Zastępca burmistrza Bochni Robert Cerazy, w rozmowie z Radiem Kraków podkreśla, że powstanie miejskich toalet było planowane od dawna. Jego zdaniem, na przeszkodzie stanęły jednak „zapisy planu, które mówią o tym, że w terenach zieleni nieurządzonej, nie można lokalizować obiektów kubaturowych tego typu”. Teraz taka pozycja znalazła się w projekcie budżetu.
Cerazy przyznaje jednak też, że prace nad stworzeniem miejskich toalet przyspieszyły ze względu na zbliżający się przyjazd pielgrzymów na Światowe Dni Młodzieży. „Taka ilość pielgrzymów, których się tutaj spodziewamy, powoduje również przyspieszenie pewnych prac, ustawienie priorytetów pod ich obecność”.

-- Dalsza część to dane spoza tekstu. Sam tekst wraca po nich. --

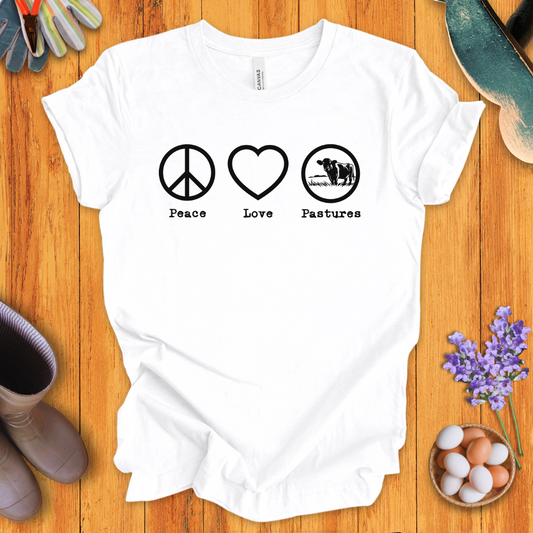 Peace, Love, Pastures T-Shirt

Zastępca burmistrza Bochni wyjaśnia Radiu Kraków, że miejskie toalety miałyby powstać w dawnym budynku lodowni na Plantach Salinarnych. Zdaniem mieszkańców Bochni, z którymi rozmawiał reporter Radia Kraków, szalety w tym miejscu są potrzebne, ale ich zdaniem, powinny stanąć także bliżej rynku. Robert Cerazy podkreśla, że szalety mają też powstać w „ścisłym centrum, bliskim sąsiedztwie rynku. Bo uważamy, że powinny się znaleźć dwie takie toalety”. Zastępca burmistrza nie chciał zdradzić dokładnej lokalizacji.